Figure 4 – Représentation graphique des échéanciers tel que planifié versus tel que construit
Conclusion
Bien que notre étude de cas se soit concentrée sur la méthode d’analyse par fenêtres, l’application aveugle d’une méthode d’analyse des retards sans ancrage dans la réalité du projet est un piège qui met à risque la validité de toute analyse des retards, quelle que soit la méthode utilisée.
Il est important qu’une analyse des retards soit à la fois logique et représentative du déroulement réel du projet. S’assurer de la précision et de la fiabilité d’une analyse des retards est crucial, car c’est de celle-ci que dépend une compréhension adéquate des retards du projet. Toute analyse des retards devrait donc être corroborée par un examen des faits afin de confirmer sa validité et sa pertinence.

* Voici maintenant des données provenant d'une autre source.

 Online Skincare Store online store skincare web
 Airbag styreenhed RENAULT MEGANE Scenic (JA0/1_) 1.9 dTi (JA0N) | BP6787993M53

Les causes de retard importantes ne devraient pas être sous-estimées, car elles peuvent avoir des impacts considérables sur la durée totale et le déroulement du projet. À cette fin, un examen attentif de la documentation de projet est nécessaire afin de s’assurer que les causes de retard importantes ont toutes été adéquatement prises en compte.
Le chemin critique devrait être examiné de près pour s’assurer qu’il reflète fidèlement les activités principales, et que la logique du projet y est réaliste.
L’un des moyens les plus efficaces de s’assurer de la validité d’une analyse des retards est d’effectuer une analyse tel que planifié versus tel que construit. Cette méthode simple de confirmation par les faits s’avère souvent très utile. Une telle analyse permet de mieux détecter les écarts et d’identifier les composantes d’une analyse des retards qui pourraient fausser la représentation des conditions réelles du projet.
Pour conclure, afin qu’une analyse détaillée des retards donne des résultats valides, une approche méticuleuse et exhaustive, ancrée dans la réalité et fondée sur des prémisses raisonnables est essentielle, et ce, peu importe la méthode utilisée.
- Society of Construction Law, Protocole Retard et Perturbation, version 2 (septembre 2021), p. 44 [Italiques dans l’original] Traduction française du document « Delay & Disruption Protocol », 2e édition (février 2017).